Após a condenação do ex-marido nesta quinta-feira (19) por drogá-la durante uma década para violentá-la, juntamente com dezenas de desconhecidos, Gisèle Pélicot foi aclamada como uma "heroína", em um julgamento histórico que comoveu o mundo.
Em meio a gritos de "Obrigado, Gisèle!", a mulher de 72 anos deixou a corte de Avignon, no sul da França, onde os 51 réus envolvidos no caso foram declarados culpados no mega-julgamento.
Conforme esperado, os juízes deram a pena máxima de 20 anos de prisão a Dominique Pelicot. Desde o início do julgamento, Pelicot declarou-se culpado, e confirmou ter administrado ansiolíticos às escondidas à sua então esposa entre 2011 e 2020, para fazê-la adormecer e violentá-la juntamente com indivíduos que contatava pela internet.
No entanto, o tribunal também condenou os outros 50 réus a penas entre três e 15 anos de prisão, inferiores às solicitadas pela promotoria, o que gerou mal-estar nos três filhos de Gisèle e Dominique Pelicot, e entre coletivos feministas.
"Os filhos estão decepcionados com as penas baixas", comentou um familiar, que pediu para não ser identificado, indicando que nenhum deles quis falar com o pai após a condenação.
"Respeito" a sentença, disse em breve declaração para a imprensa Gisèle, a quem o jornal The New York Times chamou de "heroína feminista" por recusar um julgamento a portas fechadas, ao qual tinha direito como vítima, para que "a vergonha mude de lado".
"Penso nas vítimas não reconhecidas, cujas histórias costumam permanecer na sombra. Quero que vocês saibam que compartilhamos o mesmo combate", acrescentou a mulher, desejando "um futuro no qual todos, mulheres e homens, possam viver em harmonia".
Decepção com penas
A expectativa era enorme dentro e fora do Palácio de Justiça de Avignon. Diante de jornalistas de 180 veículos credenciados - 86 deles, estrangeiros -, os cinco magistrados do tribunal anunciaram as sentenças, que começou pela do principal acusado.

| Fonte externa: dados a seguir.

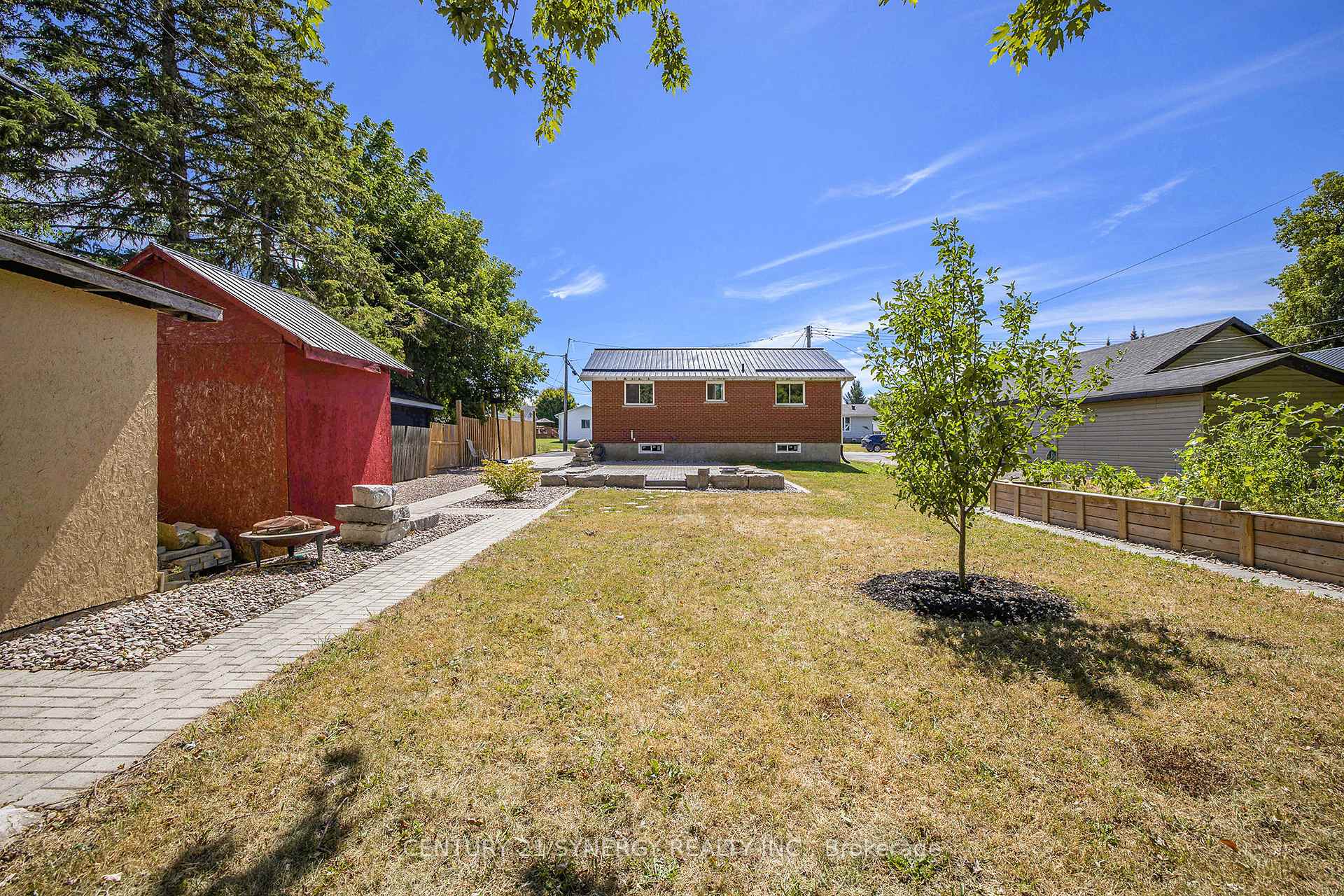 Photo 23 of 308 Joffre Avenue, Renfrew — HOMEH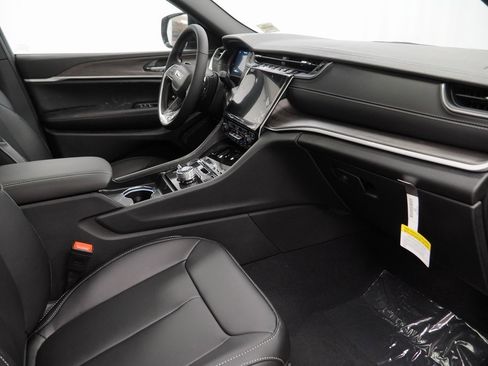 New 2025 Jeep Grand Cherokee Limited image 37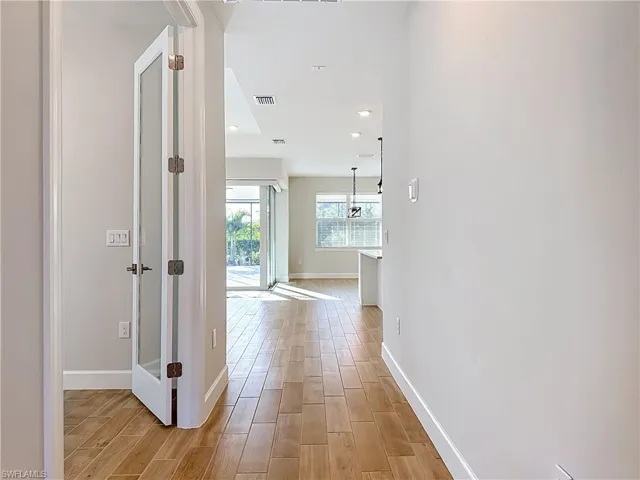 Bedroom/Den/Office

"Senhor Pelicot (...), o declaramos culpado de estupro com agravantes", declarou Roger Arata, o presidente do tribunal. De pé, o condenado de 72 anos não esboçou reação.Apesar disso, o anúncio da pena rigorosa o afetou. Sua advogada, Béatrice Zavarro, não descartou recorrer da decisão.
A justiça também declarou culpados os outros 50 réus, apesar de cerca de 30 deles terem pedido a absolvição por considerarem que foram "manipulados" por Dominique Pelicot, a quem chamaram de "monstro", "lobo" e "ogro".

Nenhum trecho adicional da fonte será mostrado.